What we are seeing is a diminution in the democratic options put before the electorate, the descent of the British system into supermarket politics.
Place a Tesco and a Sainsbury’s supermarket side by side and how do you decide where to shop? The differences between the two are at best marginal and you end up choosing one over the other for marginal reasons – maybe you go to Tesco because their milk’s a penny cheaper than next door, or maybe you prefer Sainsburys because the sell-by date on their apples is a day or two longer, or perhaps you oscillate between the two depending on which one has more ‘buy one, get one free’ offers advertised in the window. However you decide, what you end up with are the same products, the same items – the packaging may differ slightly if you buy the ‘own brand’ goods but these invariably come from the same supplier no matter where you shop.

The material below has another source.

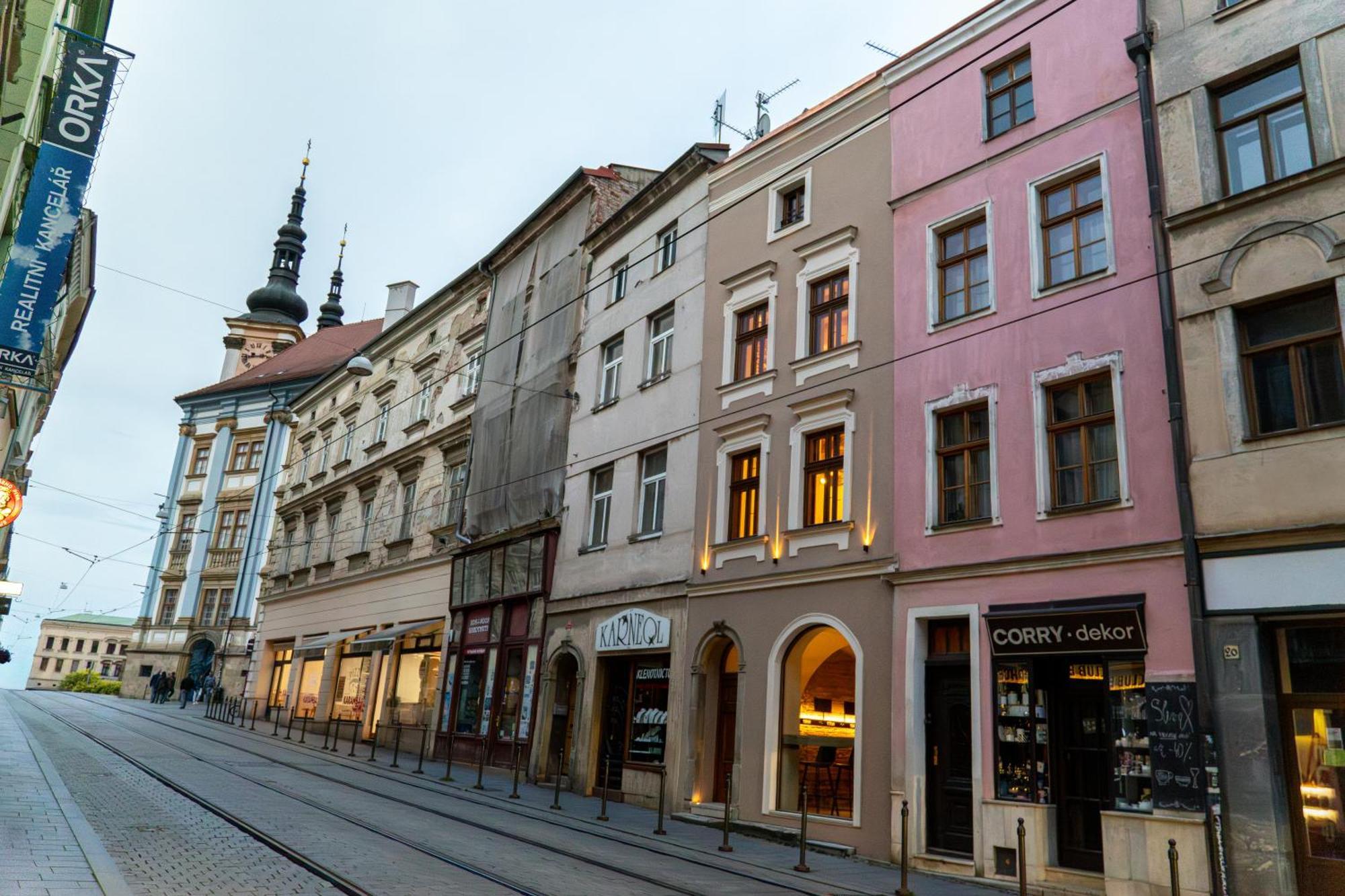 White Wolf Boutique Apartments Olomouc Ngoại thất bức ảnh
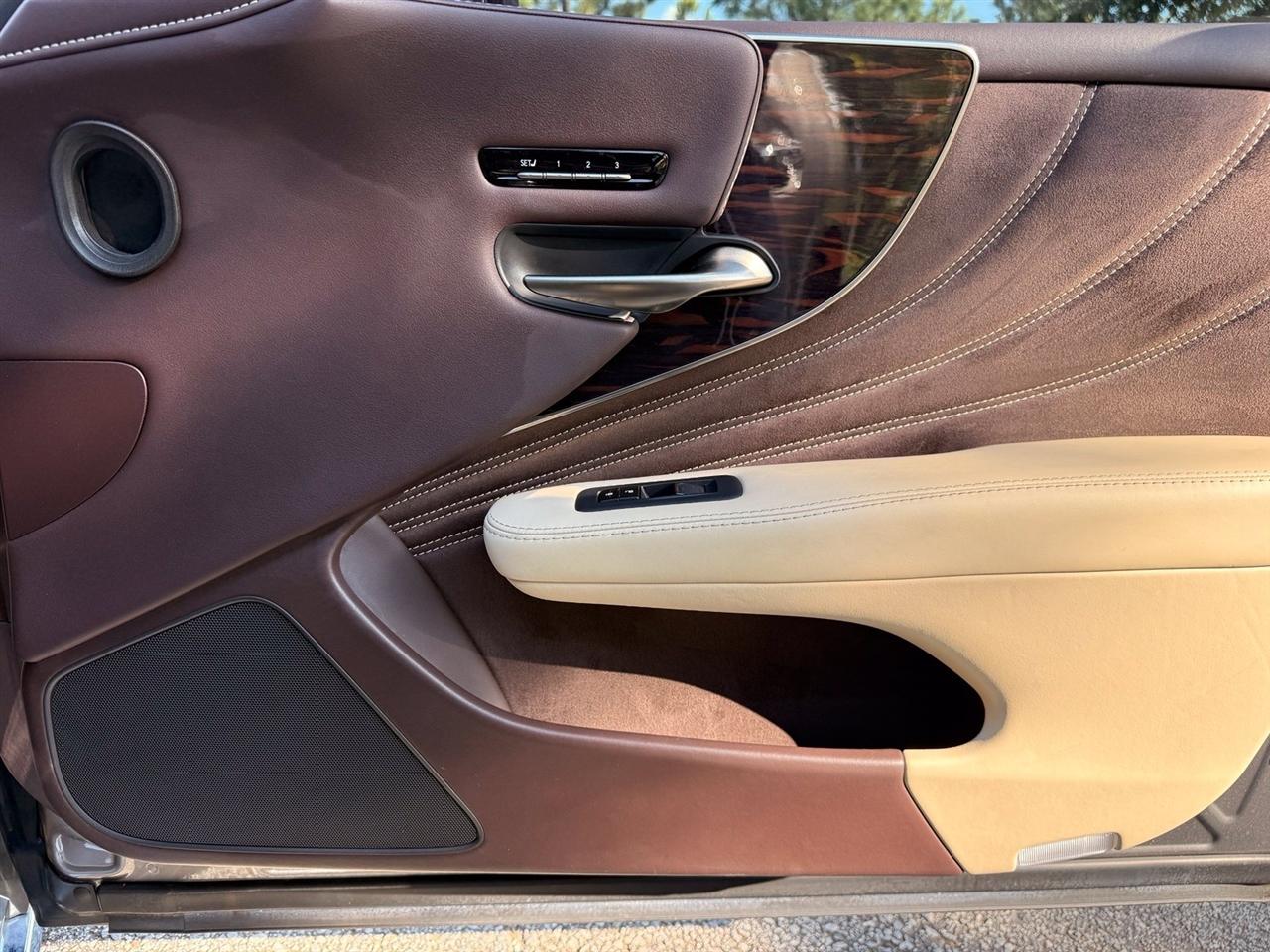 Lexus LS  2018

There are things I both agree with and disagree with in Neil Lawson’s article but one thing I can certainly accept is the overall sentiment, that we need to revisit and review our view of socialism and left-wing thought in general – driving right back to first principles where necessary – and consider how it may fit into and become relevant to the 21st Century. Whether that’s a task suited to politicians and political think-tanks is another matter entirely, although I was pleased to see the name-check given to Zygmunt Bauman which, at least, presages some interest in the Labour movement in considering where we go from here from a more philosophical standpoint.
Gould, on the other hand, seems trapped in the kind of dangerously absurdist zealotry that one finds all too often amongst ardent Blarites.
Eight and half years in power does indeed support the contention that Labour has ‘won’ to date both politically and strategicly, although how much of that apparent victory has come solely due to the obvious disarray in opposition ranks that has render the Tories unelectable during that period is open to question.
His claim that ‘New’ Labour has won in an ideological sense is, however, frankly absurd, not least as suspect he wouldn’t recognise the true ideological base of the New Labour project if it got up an bit him on the arse. If New Labour can be said to have an ideology at all, it is one that is far from modern – indeed it’s one that belongs originally to the late 18th and early 19th Centuries and, in that respect, pre-dates Marxism.
‘New’ Labour is, in essence, a Saint-Simonian project best characterised by Saint-Simon’s own formula that ‘The Government of presons will be succeeded by the administration of things’ – a formula which lies at the heart of positivism and influenced both Marxism and, ironically, the latter day doctrine of the global free market through its roots in ‘logical positivism’ which is, itself, largely the translation of Saint-Simonian ideas into economics.
Not really modern at all, then but then for all Gould’s protestations that:
Lawson talks of making history, but to shape history you must first understand it.
An understanding of anyone’s ‘history’ but their own has never been a Blairite hallmark as Gould so ably demonstrates in the rest of that paragraph:
And the mistake that Neal has made is not to understand the strength and power of New Labour. It was never, ever a “gamble on power over principle”; it was always, from the very start, an intellectually coherent, policy-rich project which sought and found new progressive solutions to the challenges of new times. That is why it has sustained itself through three election victories and why the Conservative hegemony of a generation has so dramatically imploded. If we do not understand why we won in the past and the scale of our victory, all the thinktanks and pressure groups in the world will not secure our future.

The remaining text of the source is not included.